WHAT TO DO
What is the number of lines in this data that contain the word "Black"? Give the number alone.

━━━━

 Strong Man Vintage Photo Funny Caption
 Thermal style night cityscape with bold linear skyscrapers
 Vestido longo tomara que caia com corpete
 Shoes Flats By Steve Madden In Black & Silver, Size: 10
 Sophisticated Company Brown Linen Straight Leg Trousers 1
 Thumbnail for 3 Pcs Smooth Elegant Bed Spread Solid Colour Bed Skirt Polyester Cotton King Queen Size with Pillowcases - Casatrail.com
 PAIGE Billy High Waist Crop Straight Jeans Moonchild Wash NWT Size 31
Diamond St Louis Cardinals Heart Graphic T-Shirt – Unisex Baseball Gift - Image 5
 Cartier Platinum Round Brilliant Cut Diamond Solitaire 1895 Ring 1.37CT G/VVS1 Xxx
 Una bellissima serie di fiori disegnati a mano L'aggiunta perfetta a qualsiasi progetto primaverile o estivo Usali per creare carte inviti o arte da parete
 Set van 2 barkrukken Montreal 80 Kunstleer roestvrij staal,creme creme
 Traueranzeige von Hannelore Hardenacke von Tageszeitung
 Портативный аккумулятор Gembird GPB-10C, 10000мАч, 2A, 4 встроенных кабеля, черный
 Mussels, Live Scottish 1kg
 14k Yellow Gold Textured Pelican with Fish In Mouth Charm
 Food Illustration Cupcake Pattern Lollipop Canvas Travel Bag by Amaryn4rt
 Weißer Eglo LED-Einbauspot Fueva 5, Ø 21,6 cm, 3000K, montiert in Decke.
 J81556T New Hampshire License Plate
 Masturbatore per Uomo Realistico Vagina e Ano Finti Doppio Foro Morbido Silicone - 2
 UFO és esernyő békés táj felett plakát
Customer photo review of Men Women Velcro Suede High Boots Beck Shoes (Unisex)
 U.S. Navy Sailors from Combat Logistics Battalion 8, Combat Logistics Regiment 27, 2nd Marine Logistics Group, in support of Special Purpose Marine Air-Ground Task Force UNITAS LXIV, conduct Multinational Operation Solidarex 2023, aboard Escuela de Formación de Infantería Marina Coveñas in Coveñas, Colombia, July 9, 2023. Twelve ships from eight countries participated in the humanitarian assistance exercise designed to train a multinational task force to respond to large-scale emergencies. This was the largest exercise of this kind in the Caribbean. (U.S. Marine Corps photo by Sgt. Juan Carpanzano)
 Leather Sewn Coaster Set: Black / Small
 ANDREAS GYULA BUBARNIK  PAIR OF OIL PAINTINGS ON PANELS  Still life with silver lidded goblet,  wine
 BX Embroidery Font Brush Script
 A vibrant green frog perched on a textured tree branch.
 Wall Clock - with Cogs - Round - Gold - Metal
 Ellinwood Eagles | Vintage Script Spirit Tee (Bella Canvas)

━━━━

EXERCISE OUTPUT
2